# do you train your neck if so how often do you train it and what exercises do you use



## samb213 (Jun 27, 2012)

used to train my neck a while back but stopped because while on gear my neck blow up and i started to look like a toad ...recently tho i noticed in the mirror my neck is looking pretty thin in proportion to my body soo i started doing neck raises over a bench front and back and pushing on either side of my head for 30 seconds ish for a few sets ...does anyone else bother training ther neck if so what exercises are you using and how often would you train your neck .


----------



## braxbro (Aug 6, 2013)

samb213 said:


> used to train my neck a while back but stopped because while on gear my neck blow up and i started to look like a toad.


haha brilliant post mate.

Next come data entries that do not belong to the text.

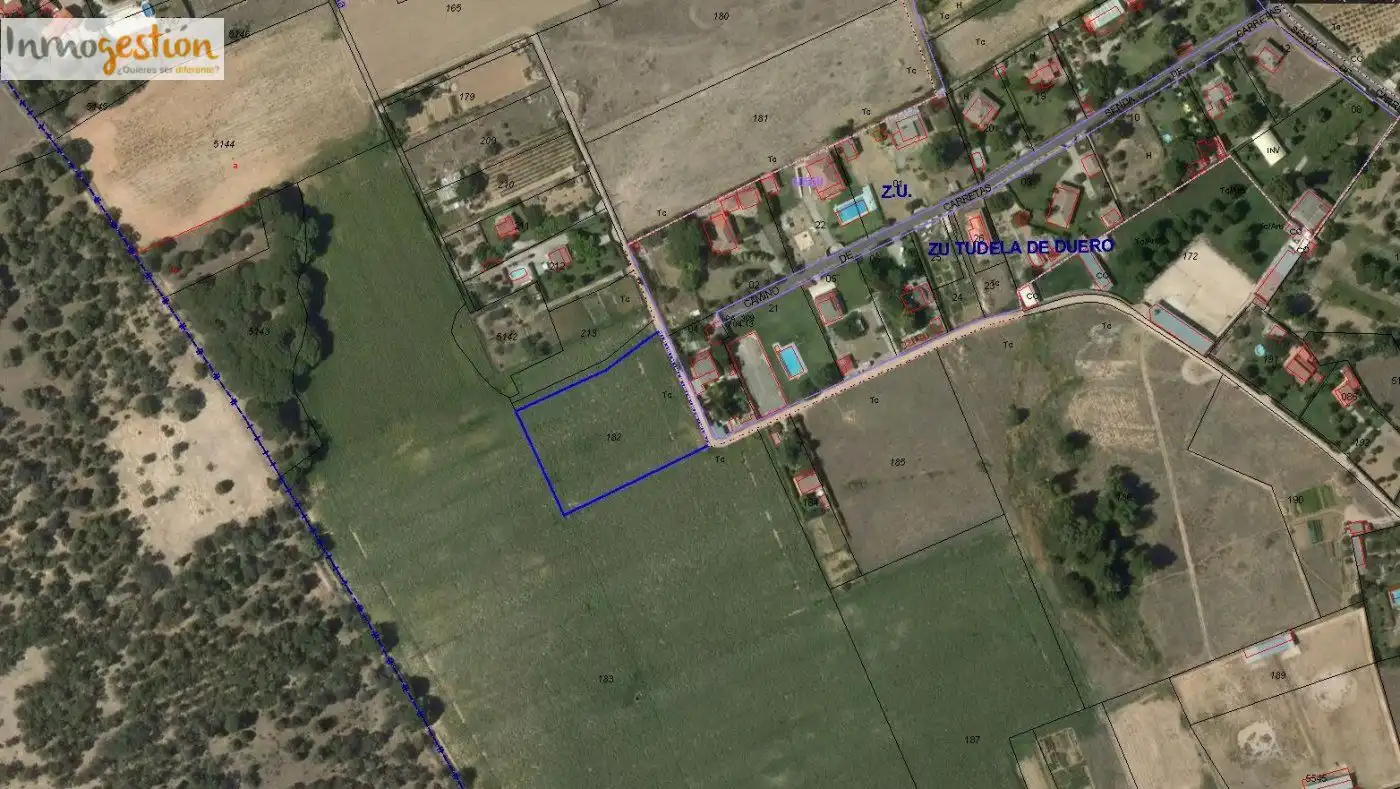 Terreno residenziale in vendita a Tudela de Duero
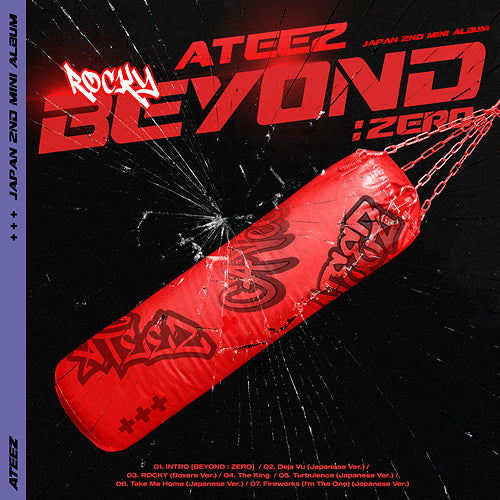 ATEEZ - Beyond: Zero - Japan 2nd mini album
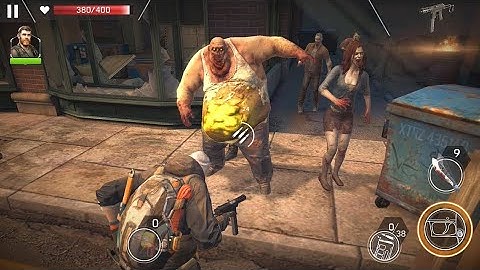 LEFT TO SURVIVE GAMEPLAY | ANDROID,IOS | BEST SURVIVER GAME | FOGGY MORNING | 4k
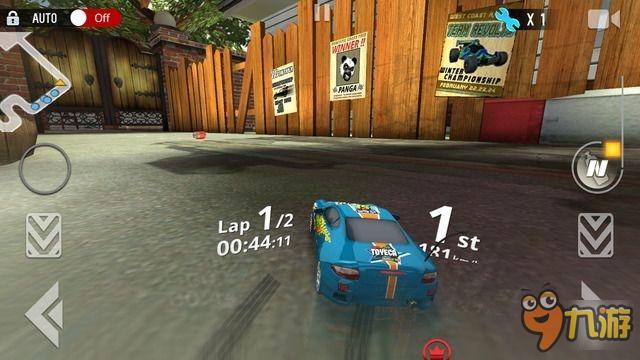 四驱车竞速新作《梦幻遥控车3》测试上架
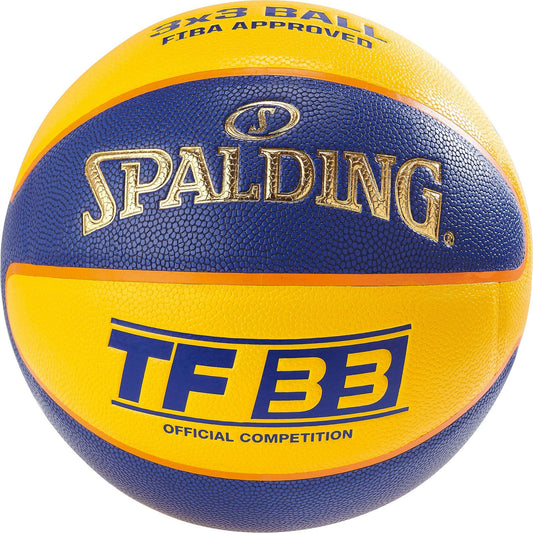 Spalding 3X3 Tf33 Official Game Ball I/O Sz.6 Mulitcolour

That was a real treat, please post more.


----------



## alchemystical (Jan 16, 2013)

I usually put a towel on my head and then hold a dumbell there for a high rep count, if you're serious about it you can get a strap/frame thing that allows you to suspend a plate from your noggin.


----------



## BoxerJay (Jan 11, 2011)

My neck gets plenty of abuse from thai clinching and grappling but maybe once a week I'll get the neck harness out and give it a bash. Other than that I do wrestlers bridges quite often.


----------



## Gym Bunny (Mar 25, 2009)

@samb213 how wide is your neck? If you're deadlifting or oly lifting regularly it doesn't seem necessary to do specific neck exercises.


----------



## digitalis (Sep 13, 2011)

Used to do a combo of neck harness (varying weights and reps), bridges a la Tyson and the old holding a plate on your forehead at the end of the bench. 3-4 times a week.

Your neck is the fastest responding group of muscles btw.


----------



## IGotTekkers (Jun 6, 2012)

**** training neck, my traps run high up the back of my neck so its already thick is fck. I could firm a guillitine i reckon :lol:


----------



## theBEAST2002 (Oct 16, 2011)

what i do for neck is a lot of rows and shrugs


----------



## braxbro (Aug 6, 2013)

Never miss neck day.


----------



## Mingster (Mar 25, 2011)

I have a 20 inch neck without any direct training, and it causes me enough problems without trying to make it any bigger...


----------



## GreedyBen (Mar 8, 2011)

I don't need to, the only weight it lifts is my head


----------



## estuFilippe (Sep 10, 2013)

neck?

behind the neck smith machine presses with light weight where you literally just touch below the back of your head, don't go to deep or risk injury to rotar cuff in this extremely vulnerable position. I took this from Kevan Wilson bb videos seems to help me and he said it helped him strengthen neck which he has previously broken.


----------



## NoGutsNoGloryy (Jan 7, 2013)

You mean your traps...?


----------



## BritishAssassin (Nov 26, 2007)

I have quite a big neck and traps too, but they are susceptible to injury more than any bodypart.

So, I try to not directly train my neck, though when I did it became very stiff and hard to turn or move my head.


----------